In fact, she was surprised to discover that she knew where she was going at all: Her memory should have dimmed since the fall, the passage of the intervening days, but even more so, events, obscuring the location she was seeking. There was no such buffering. Even the awkwardness of being in a car and having to be restricted to roads didn’t mitigate what she saw in her mind’s eye…or where her recollections were taking her.

She found the meadow she sought many miles away from the compound.

Pulling over at the field’s base, she stared up at the gradual ascent. The great maple was precisely where it had been, its stout main trunk and smaller arterial branches bare of the leaves that had once offered a colorful canopy.

Between one blink and the next, she pictured the fallen soldier who had been stretched out on the ground at its roots, recalling everything about him, from his heavy limbs to his navy blue eyes to the way he had wanted to refuse her.

Bending forward, she put her head on the steering wheel. Banged it once. Did that a second time.

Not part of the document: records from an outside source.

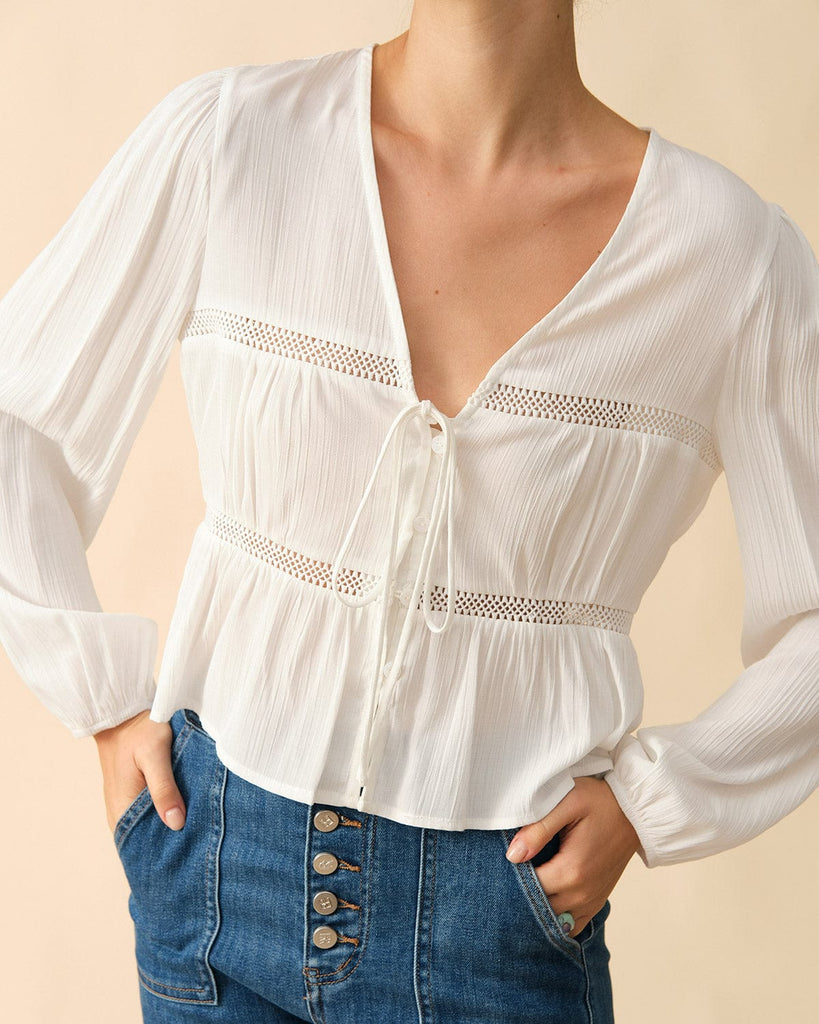 The Spliced Tie Front Cutout Blouse - RIHOAS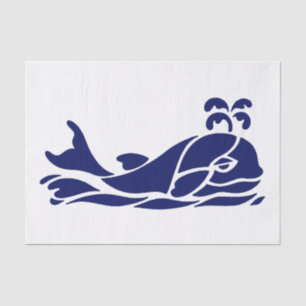 Papier Mousseline Dessin de silhouette de baleine à éventail vintage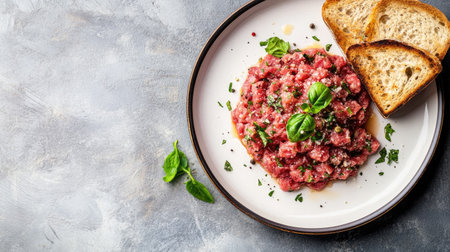 A vibrant presentation of fresh beef tartare garnished with basil leaves and served with toasted bread. Ideal for food lovers and dining enthusiasts.の素材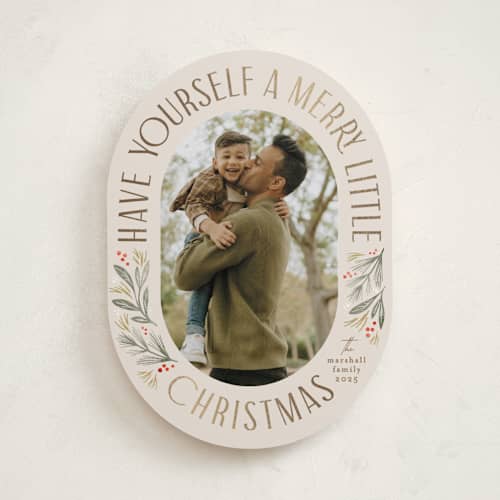 This is a linen foil pressed holiday cards with foil pressed by Karidy Walker called merry little christmas time printing on recycled smooth signature in standard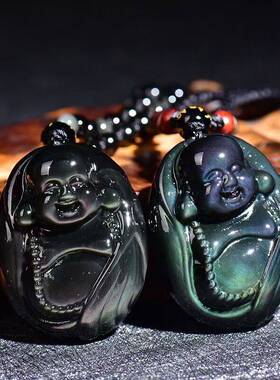 2024龙天然黑曜石弥勒佛头吊坠笑面佛布袋佛像挂坠情侣纳福礼物
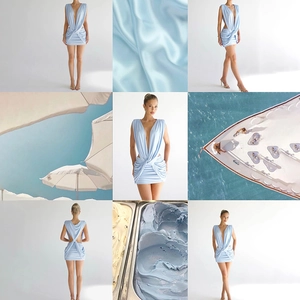 Collage de mini-robe bleu clair sans manches avec col en V profond et détail croisé
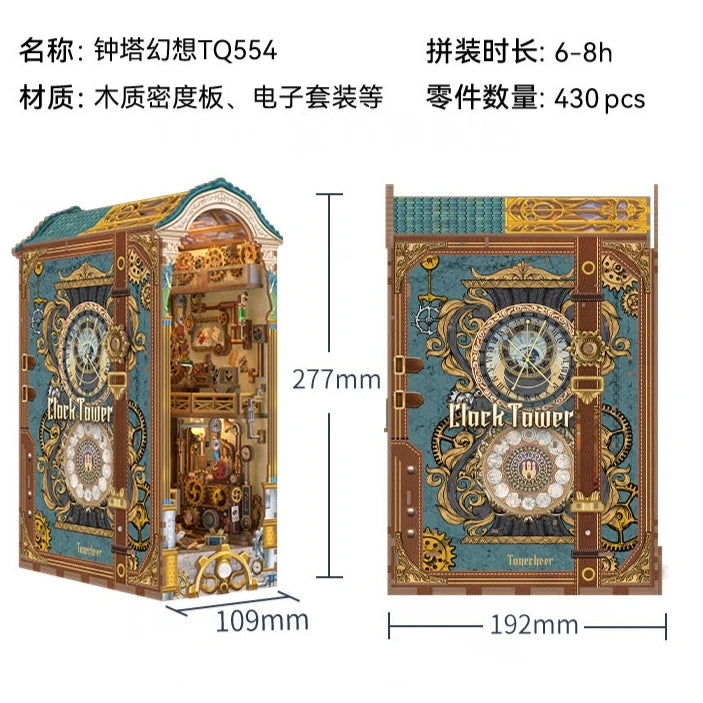 Tonecheer Monet Giverny Garden DIY Book Nook Bookend Diorama Model Kit 3D Wooden Puzzle Dollhouse Decoration Birthday Toys Gifts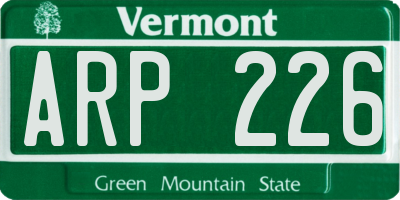 VT license plate ARP226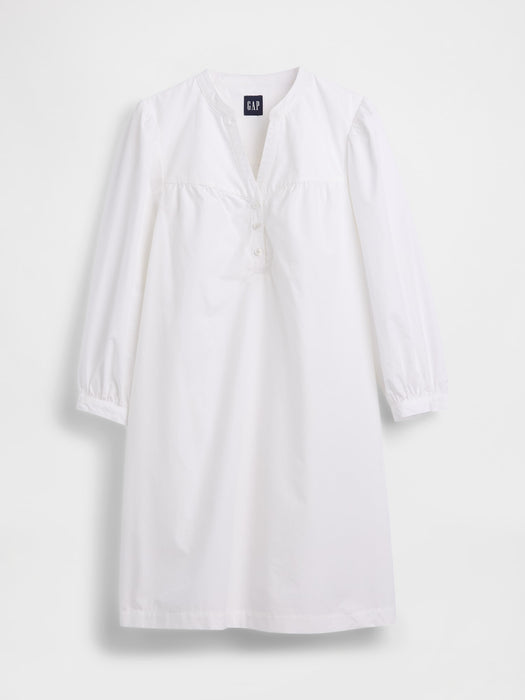 Poplin Henley Mini Dress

It was not simply unwise to find any gallantry in that denial, but downright dangerous.

Besides, sympathizing with a traitor was a violation of every standard she’d ever had for herself.

And yet…alone in the car, with naught but her inner thoughts to contend with, she found her heart was still with a male who by all rights and morals, she should have hated with a passion.

It was a sad state of affairs, it truly was.





SEVENTY-SEVEN





Trez won the lottery at around ten-thirty that night.

He and iAm had been given front-facing rooms on the third floor of the mansion, opposite the restricted-access suite that housed the First Family. The digs were super-sweet, with en suite baths and huge soft beds, and enough antiques and royalty-worthy accoutrements to give a museum a case of the oh-mans.

But what made the accommodations truly outstanding was the roof they were under.

And not because there was a quarry’s worth of slate keeping the elements out overhead.

Leaning into the mirror over the sink, Trez checked his black silk shirt. Smoothed his cheeks to make sure his careful shave job had been meticulous enough. Jacked up his black slacks.

Relatively satisfied, he resumed the dressing ritual. His holster was next. Black, so it wouldn’t show. And the pair of forties he wore under both arms were well hidden.

Usually he was a leather-jacket kind of guy, but for the last week he’d been breaking out the wool double-breasted overcoat iAm had given him years ago. Slipping it onto his shoulders, he tugged the sleeves sharply, and shook his shoulders back and forth so the folds of black settled correctly.

Stepping back, he regarded himself. No signs of the weapons. And in his fancy-ass dress, there were no clues that his business was booze and prostitutes, either.

Meeting his own eyes in the mirror, he wished he was in a better field. Something classier, like…political analyst or college professor or…nuclear physicist.

Of course, that was all human shit he didn’t give a crap about. But it sure beat what he actually did for a living.

Checking his Piaget watch—which was not the one he usually wore—he knew he couldn’t wait any longer. He walked out into his bloodred room, with its heavy velvet drapery and its damask silk walls, his footfalls making no sound across the Bukhara that covered the floor.